- [PROBLEM REQUIREMENTS]
Look below for the line that has "Bài 49. Động vật"; output exactly from it through the line that has "Holy grail Touring", and leave the pictures out.

- [RECORDED DATA]
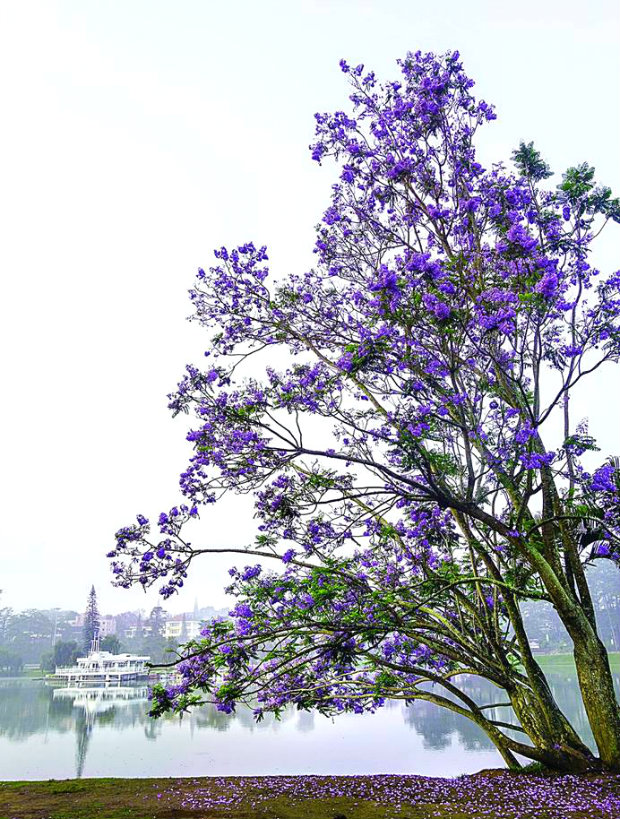 Đà Lạt mùa phượng tím - đi đâu đà lạt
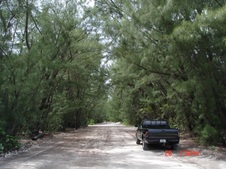 Enlarge photo 50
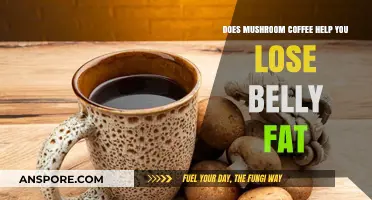 Mushroom Coffee and Belly Fat: Fact or Fiction for Weight Loss?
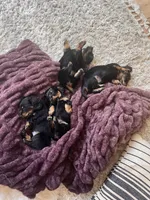 Okami, a male Miniature Dachshund for sale in Narvon, PA – 4 of 7
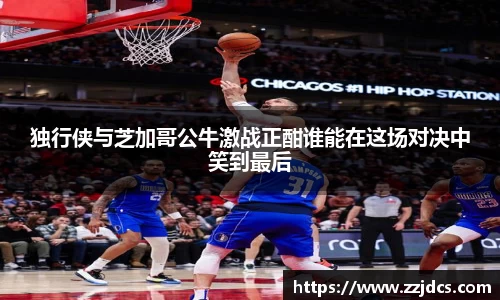 球信网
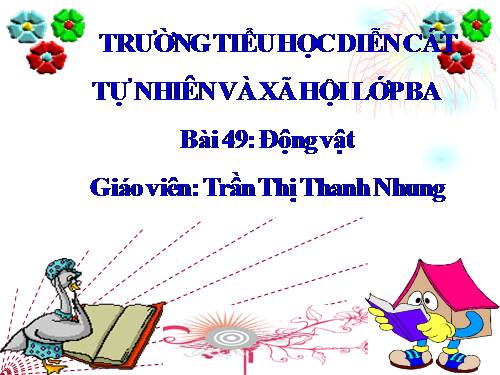 Bài 49. Động vật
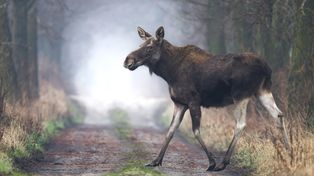 Łosie coraz śmielej wchodzą do Warszawy. Biolog mówi, co nas czeka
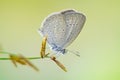 Butterfly. Small blue butterfly in macro closeup, taking in Singapore botanic garden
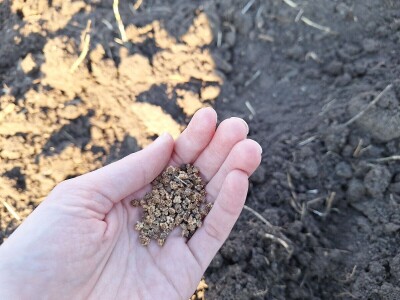 Kako Jakovčanke sade gradinu?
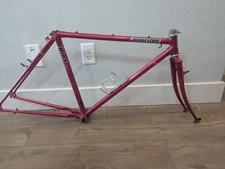 Holy grail Touring frameset: THE Bridgestone T700: Very Open to your Offers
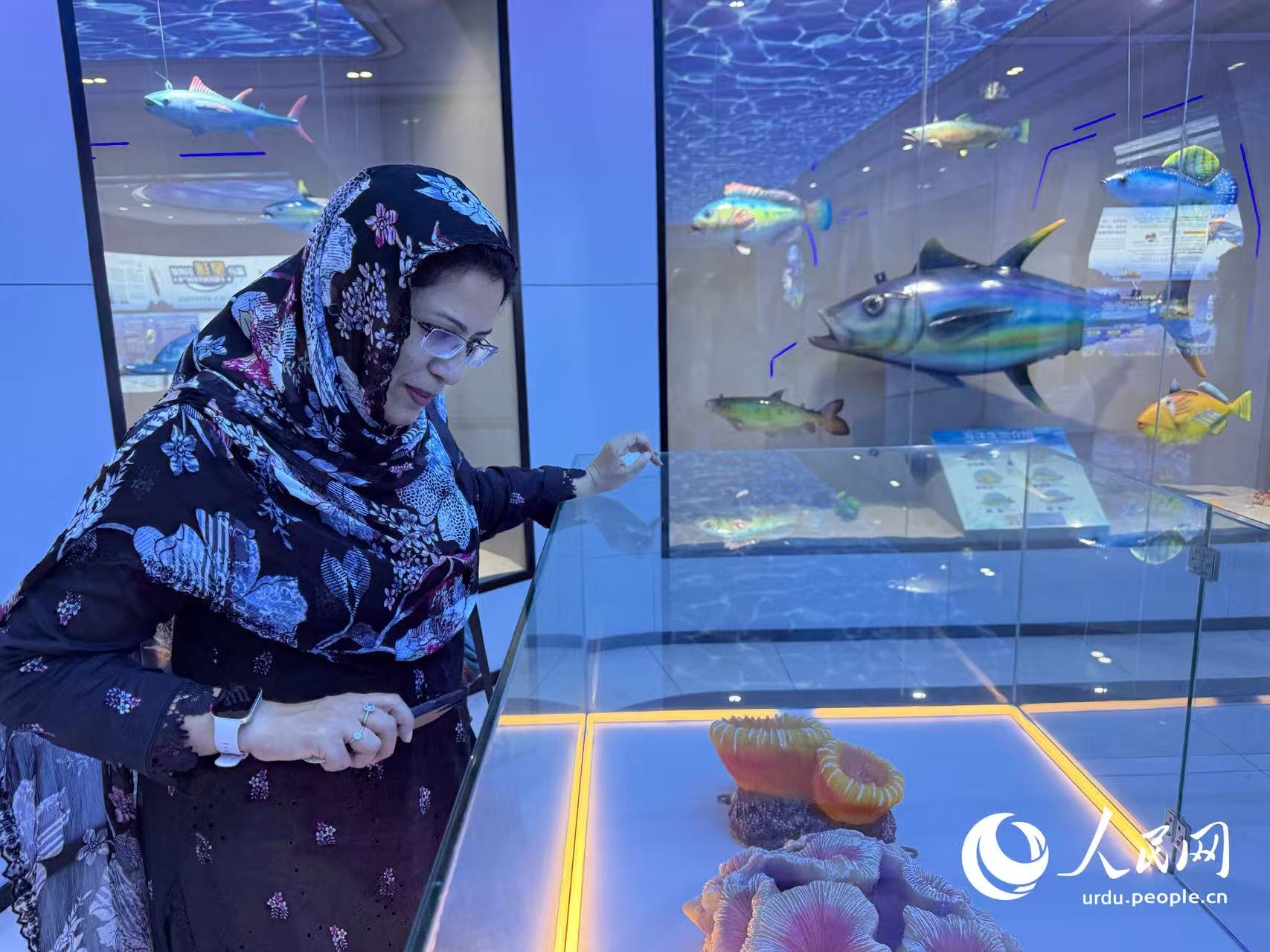 پیپلز ڈیلی آن لائن کی پاکستانی صحافی ساراافضل ہائی نان ہوایان بایو-پیپٹائڈ سائنس اینڈ ٹیکنالوجی میوزیم کے دورے کے دوران سمندری حیات کے مختلف نمونوں کو دیکھ رہی ہیں۔ (رمشا/پیپلز ڈیلی آن لائن)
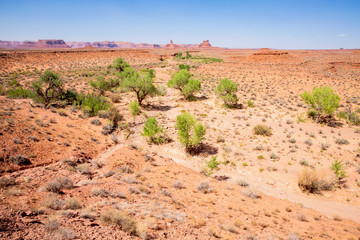 The Valley of the Gods in Navajo Nation, Utah, USA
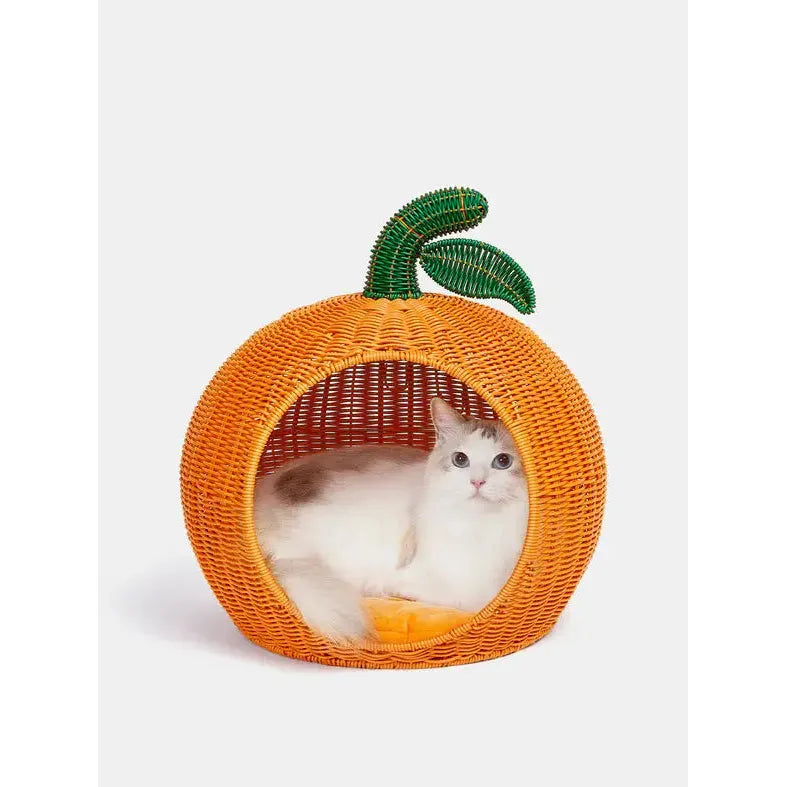Vibrant Vetreska Tangerine Handcrafted PE Rattan Pet Bed with Washable Cushion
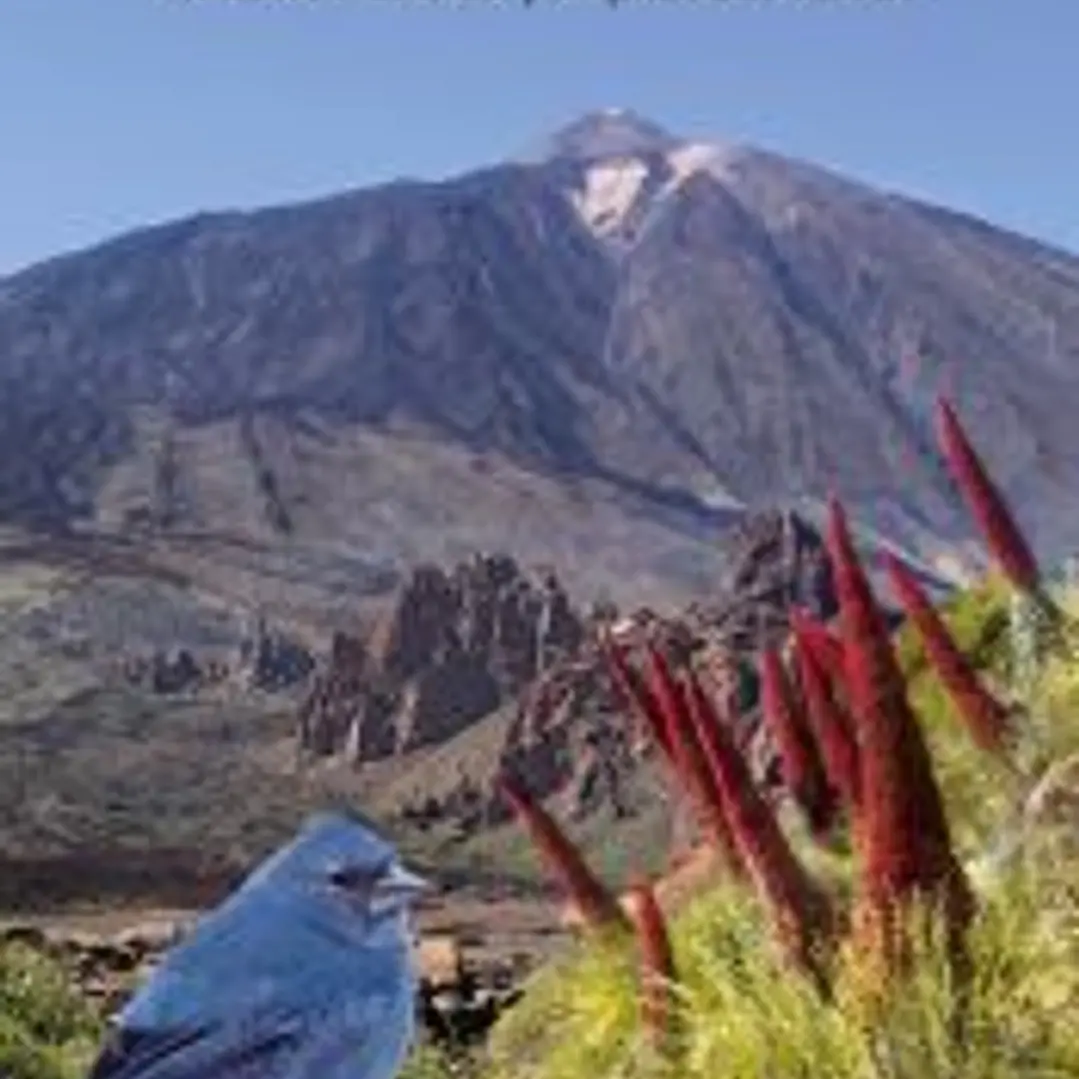 Tenerife. Pinzones azules y esplendor floral 1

- [REPLY]
 Bài 49. Động vật
 Łosie coraz śmielej wchodzą do Warszawy. Biolog mówi, co nas czeka
 Butterfly. Small blue butterfly in macro closeup, taking in Singapore botanic garden
 Kako Jakovčanke sade gradinu?
 Holy grail Touring frameset: THE Bridgestone T700: Very Open to your Offers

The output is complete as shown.